§ **What you are asked to do**: Starting at the line that contains "先天性股関節脱臼の赤ちゃん写真3" and ending at the line that contains "Triplanar Ghost Brain", the lines below are to be given again exactly, with nothing added.

══════════════════════════════

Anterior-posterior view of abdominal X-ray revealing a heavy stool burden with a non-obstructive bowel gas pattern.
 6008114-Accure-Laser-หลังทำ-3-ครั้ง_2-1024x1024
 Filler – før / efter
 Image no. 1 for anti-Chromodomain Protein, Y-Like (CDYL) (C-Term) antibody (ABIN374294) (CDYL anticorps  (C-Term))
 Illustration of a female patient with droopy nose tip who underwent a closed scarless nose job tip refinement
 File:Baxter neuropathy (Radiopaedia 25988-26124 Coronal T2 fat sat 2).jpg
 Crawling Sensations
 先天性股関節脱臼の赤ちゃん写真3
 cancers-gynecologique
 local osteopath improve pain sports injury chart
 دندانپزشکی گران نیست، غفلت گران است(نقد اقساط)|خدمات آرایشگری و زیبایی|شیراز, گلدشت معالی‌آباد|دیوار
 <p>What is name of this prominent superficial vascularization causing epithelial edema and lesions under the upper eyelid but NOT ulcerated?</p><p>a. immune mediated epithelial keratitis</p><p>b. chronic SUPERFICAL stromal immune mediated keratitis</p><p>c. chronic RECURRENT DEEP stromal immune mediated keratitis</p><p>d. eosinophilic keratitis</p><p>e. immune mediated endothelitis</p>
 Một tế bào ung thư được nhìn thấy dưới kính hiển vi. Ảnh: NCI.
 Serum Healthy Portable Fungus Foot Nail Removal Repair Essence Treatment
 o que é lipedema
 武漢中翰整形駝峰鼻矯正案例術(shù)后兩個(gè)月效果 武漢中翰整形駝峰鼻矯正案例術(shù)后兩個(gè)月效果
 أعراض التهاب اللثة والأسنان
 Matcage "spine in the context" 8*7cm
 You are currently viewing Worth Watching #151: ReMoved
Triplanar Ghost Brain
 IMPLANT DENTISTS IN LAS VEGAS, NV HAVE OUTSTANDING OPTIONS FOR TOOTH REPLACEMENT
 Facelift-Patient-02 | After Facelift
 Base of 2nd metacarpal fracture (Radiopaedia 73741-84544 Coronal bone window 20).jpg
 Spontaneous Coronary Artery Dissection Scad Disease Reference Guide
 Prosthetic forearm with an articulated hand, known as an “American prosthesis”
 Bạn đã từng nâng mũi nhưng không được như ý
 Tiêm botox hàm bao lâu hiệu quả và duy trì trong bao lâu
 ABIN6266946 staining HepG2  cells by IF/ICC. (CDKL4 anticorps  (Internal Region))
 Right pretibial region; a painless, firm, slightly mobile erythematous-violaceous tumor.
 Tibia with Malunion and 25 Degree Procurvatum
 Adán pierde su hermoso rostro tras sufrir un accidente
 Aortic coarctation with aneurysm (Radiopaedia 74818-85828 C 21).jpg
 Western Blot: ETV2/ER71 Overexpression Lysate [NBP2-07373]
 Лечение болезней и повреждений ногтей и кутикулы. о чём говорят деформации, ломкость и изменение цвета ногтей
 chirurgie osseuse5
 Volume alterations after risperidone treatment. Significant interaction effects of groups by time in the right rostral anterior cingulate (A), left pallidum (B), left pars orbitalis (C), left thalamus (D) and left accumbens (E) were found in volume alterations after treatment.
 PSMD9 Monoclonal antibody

══════════════════════════════

§ **Solution to this exercise**:
 先天性股関節脱臼の赤ちゃん写真3
 cancers-gynecologique
 local osteopath improve pain sports injury chart
 دندانپزشکی گران نیست، غفلت گران است(نقد اقساط)|خدمات آرایشگری و زیبایی|شیراز, گلدشت معالی‌آباد|دیوار
 <p>What is name of this prominent superficial vascularization causing epithelial edema and lesions under the upper eyelid but NOT ulcerated?</p><p>a. immune mediated epithelial keratitis</p><p>b. chronic SUPERFICAL stromal immune mediated keratitis</p><p>c. chronic RECURRENT DEEP stromal immune mediated keratitis</p><p>d. eosinophilic keratitis</p><p>e. immune mediated endothelitis</p>
 Một tế bào ung thư được nhìn thấy dưới kính hiển vi. Ảnh: NCI.
 Serum Healthy Portable Fungus Foot Nail Removal Repair Essence Treatment
 o que é lipedema
 武漢中翰整形駝峰鼻矯正案例術(shù)后兩個(gè)月效果 武漢中翰整形駝峰鼻矯正案例術(shù)后兩個(gè)月效果
 أعراض التهاب اللثة والأسنان
 Matcage "spine in the context" 8*7cm
 You are currently viewing Worth Watching #151: ReMoved
Triplanar Ghost Brain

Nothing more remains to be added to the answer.